Jun. 10, 2024 • 2 min read
Image of IMF supports Iraqi reforms: mission head

The International Monetary Fund supports Iraqi reforms toward financial sustainability, IMF mission head in Iraq stated on Monday.

The International Monetary Fund (IMF) supports Iraqi reforms towards financial sustainability, the IMF mission head in Iraq said on Monday.


In an interview with the Iraqi state newspaper on Monday, Gazi Shbaikat, the head of the International Monetary Fund (IMF) mission in Iraq, expressed support for Iraqi reforms aimed at achieving financial sustainability, distancing Iraq from potential crises in the oil market, which it relies on to cover its annual expenses. He predicted growth in the Iraqi economy in the coming years.


The IMF expects growth in Iraq’s macroeconomy alongside government reforms addressing overall economic issues, Shbaikat told Iraqi state newspaper.
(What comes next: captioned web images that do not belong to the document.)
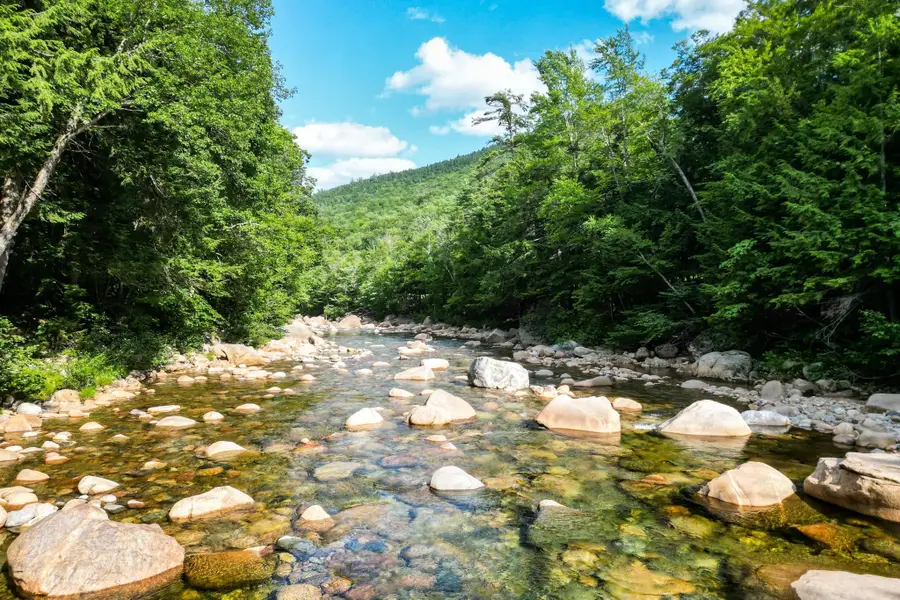 633 Cobb Farm Road, Harts Location, NH 03812 - #2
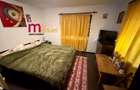 Apartament cu 3 camere semidecomandat în E3 - 9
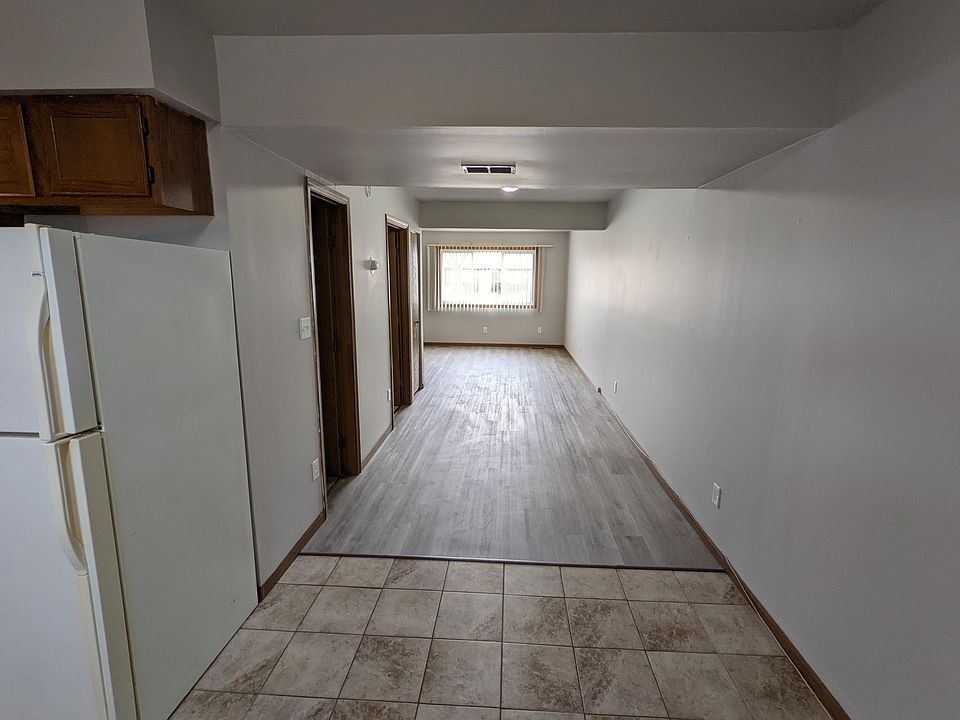1st image of 3714 W 73rd Pl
"The Iraqi government is serious about implementing these reforms, strengthening its relationship with the IMF, and encouraging cooperation to support the economy," he said.


Shbaikat emphasized the importance of creating financial sustainability by reviving productive and service sectors and maintaining a local capital cycle.


He advised focusing on the labor market and creating private sector benefits comparable to the public sector to reduce unemployment.


He highlighted the need for a competitive financial sector to create a robust financial system with advanced, secure, and transparent services, ultimately achieving financial sustainability.


The Ministry of Planning in Iraq reported that the population surpassed 41 million by the end of 2021, with an expected increase to 42 million in 2022.


Ministry spokesperson Abdul Zahra al-Hindawi revealed that 62 percent of workers are employed in the private sector, while 38 percent work in the public sector.


Additionally, nine percent of the youth workforce is employed below their skill level, and 37 percent are either unemployed, uneducated, or undertrained.


Despite years of conflict, Iraq is experiencing a rise in entrepreneurship. A report by Equal Times highlighted the challenges faced by the private sector since 2003, including civil wars and the fight against ISIS.


Recognizing the need for reform, the Iraqi government published a strategy in 2014 to develop the private sector by 2030, aiming for it to contribute at least 60% of GDP and reduce unemployment by four percent.